Seventeen workers, believed to be victims of a human trafficking operation, fled a Thai juice factory in the dead of night last week in order to return home to Cambodia’s Pursat province.
The Cambodians – all from Pursat’s Bakan district – decided to flee after working at the factory, in Thailand’s Suphan Buri district, for 28 days. They claimed yesterday that their lives had been threatened and that they were not paid for their work.
Officials believe the workers are part of a group of 57 people from Bakan district who were tricked into leaving for Thailand, with the promise of well-paid work at a car factory.
Suspected broker Sam Chhunleng, 43, was charged with unlawful recruitment for exploitation last week, while another suspect is being investigated.
Victim Chhun Chhornly, 28, said yesterday: “We were really afraid of the factory owner … because the factory owner used to tell all the workers that we would be shot dead if they knew we wanted to run away.”
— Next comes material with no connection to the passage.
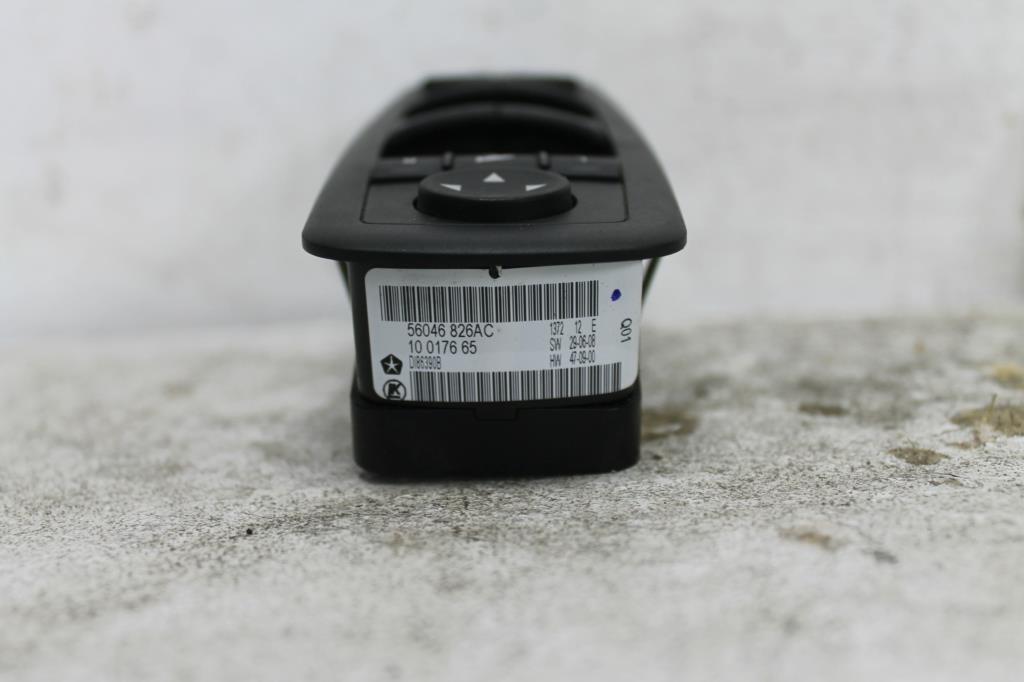 2012 Chrysler 300c Pwr Dr Wind Switch View Auto part Pwr Dr Wind Switch Chrysler 300c 2012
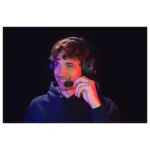 Ausinės CHERRY XTRFY H3 Wireless (CX-H3W-BLACK), vaizdas 8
The group, he said, escaped from the juice factory at midnight before meeting a truck, hired by some of their worried relatives and parked 20 minutes away, to take them to a border at Banteay Meanchey and back home.
Ou Sarann, 25, claims he realised he had been trafficked after working at the factory for a week.
When he asked about wages, he was told he had been sold to the facility.
“We were waiting to see if an organisation or officials could help us to leave from the factory, but we did not see anyone. Then, we decided to flee from the factory by ourselves,” he said yesterday.
Heang Sytha, director of Pursat province’s human trafficking and juvenile protection department, said yesterday that officials were trying to locate the rest of the group.
“We are trying our best to help them by cooperating with the Interior Ministry and consulting with Thailand,” he said, adding that officials were worried about their safety.